Cumhurbaşkanı Yardımcısı Cevdet Yılmaz, Orta Vadeli Program (OVP) hazırlıkları kapsamında, İstanbul Finans Merkezi'nde (İFM) finans dünyasının temsilcileriyle bir araya geldi.
Toplantının açılışında konuşan Yılmaz, OVP hazırlıkları kapsamında, geçen günlerde iş dünyası, işçi, işveren ve memur sendikası temsilcileriyle görüşmeler gerçekleştirdiklerini hatırlatarak, gelecek günlerde tarım sektörü temsilcileri ve Türkiye Odalar ve Borsalar Birliği organizasyonuyla bütün illerden iş dünyası temsilcilerini dinleyeceklerini ifade etti.
Yılmaz, tasarruf sahipleri ile kaynak kullanmak isteyen kesimler arasında aracılık yapan finans sektörü ne kadar iyi ve güçlü işlerse ekonomik aktivite açısından bir kazanç olduğuna işaret ederek, tasarrufların artırılması ve doğru alanlara yönlendirilmesinin son derece kritik olduğunu söyledi.
Türkiye finans sektörünün son 20 yılda büyük bir gelişim gösterdiğine dikkati çeken Yılmaz, bu sektöre yönelik düzenlemelerin gelişmiş ülkelerle oldukça paralel bir şekilde yürüdüğünü kaydetti.

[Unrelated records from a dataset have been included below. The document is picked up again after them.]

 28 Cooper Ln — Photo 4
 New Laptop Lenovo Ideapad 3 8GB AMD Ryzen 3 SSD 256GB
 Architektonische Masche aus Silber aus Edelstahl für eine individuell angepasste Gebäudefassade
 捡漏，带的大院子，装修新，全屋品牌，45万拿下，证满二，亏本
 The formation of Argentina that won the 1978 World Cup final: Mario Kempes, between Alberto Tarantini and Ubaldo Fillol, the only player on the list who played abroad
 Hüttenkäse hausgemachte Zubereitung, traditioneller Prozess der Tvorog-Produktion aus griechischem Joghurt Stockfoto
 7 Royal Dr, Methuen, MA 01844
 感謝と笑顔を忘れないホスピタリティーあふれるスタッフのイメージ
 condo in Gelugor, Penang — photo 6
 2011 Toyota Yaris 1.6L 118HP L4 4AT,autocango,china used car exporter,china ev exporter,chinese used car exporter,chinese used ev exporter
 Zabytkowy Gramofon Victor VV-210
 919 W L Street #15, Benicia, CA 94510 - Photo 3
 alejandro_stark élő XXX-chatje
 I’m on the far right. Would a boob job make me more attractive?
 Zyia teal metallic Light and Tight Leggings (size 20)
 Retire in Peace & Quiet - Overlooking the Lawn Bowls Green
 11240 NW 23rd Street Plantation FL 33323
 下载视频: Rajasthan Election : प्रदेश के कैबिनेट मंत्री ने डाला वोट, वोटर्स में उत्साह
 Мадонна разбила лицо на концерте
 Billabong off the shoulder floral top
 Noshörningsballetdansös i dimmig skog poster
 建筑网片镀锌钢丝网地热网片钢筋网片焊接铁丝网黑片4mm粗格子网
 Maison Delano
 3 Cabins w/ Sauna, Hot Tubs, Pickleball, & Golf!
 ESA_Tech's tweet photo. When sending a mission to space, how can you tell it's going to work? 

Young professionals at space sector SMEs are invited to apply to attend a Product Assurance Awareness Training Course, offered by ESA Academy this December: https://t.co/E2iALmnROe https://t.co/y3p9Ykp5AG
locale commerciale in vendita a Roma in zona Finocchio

'En önemli beklentilerimizden biri tasarruf oranlarımızın arttırılması'
Yılmaz, finans sektörünün birçok alanda ciddi potansiyele sahip olduğunu belirterek, şöyle devam etti:
- "OVP çerçevesinde en önemli beklentilerimizden bir tanesi tasarruf oranlarımızın arttırılması, cari açık dediğimiz mesele de büyük oranda bununla ilgili. Bir ülkedeki toplam yatırımları, toplam tasarrufunuzla finanse edemiyorsanız dış finansmana ihtiyacınız oluşuyor. Dış finansman dediğimiz de bir anlamda cari açığa tekabül ediyor. Dolayısıyla kalkınmakta olan bir ülke olarak yatırımları düşürmeyi değil tasarrufları artırmayı hedeflemek durumdayız. Dengeyi sağlarken esas yapmamız gereken, gelişmek, sosyal refahı artırmak zorunda olan bir ülke olarak yatırımları düşürmek değil, tasarrufları artırmak ve yatırımları sağlıklı tasarruflarla, kaynaklarla desteklemektir. Dolayısıyla OVP çerçevesinde cari açığı aşağıya düşürerek, sürdürülebilir bir büyüme perspektifini güçlendirmek bakımından finans sektöründe tasarruf oranlarını artırmak bizim için çok çok kıymetli."
'Yapısal reformlar da çok kıymetli'
Esas olanın finansal çeşitliliği sağlamak ve finansal piyasaları geliştirmek olduğunu belirten Yılmaz, İFM'nin dünyadan daha fazla sermayeyi cezbeden bölgesel ve küresel düzeyde bir finans cazibe merkezi olmasını hedeflediklerini anlattı.
Toplantı sonrası konuşan Yılmaz'ın açıklamalarından öne çıkanlar şöyle:
Merkez Bankamızın attıkları adımları desteklediklerini ve daha fazlasını beklediklerini ifade ettiler. CDS priminde düşüşten duyulan memnuniyeti dile getirdiler. 700'lerden 400'lere kadar düştü. Bu düşüş finans sisteminin uluslararası kaynaklara erişimini kolaylaştırıcı maliyetleri düşürücü etki yaratıyor.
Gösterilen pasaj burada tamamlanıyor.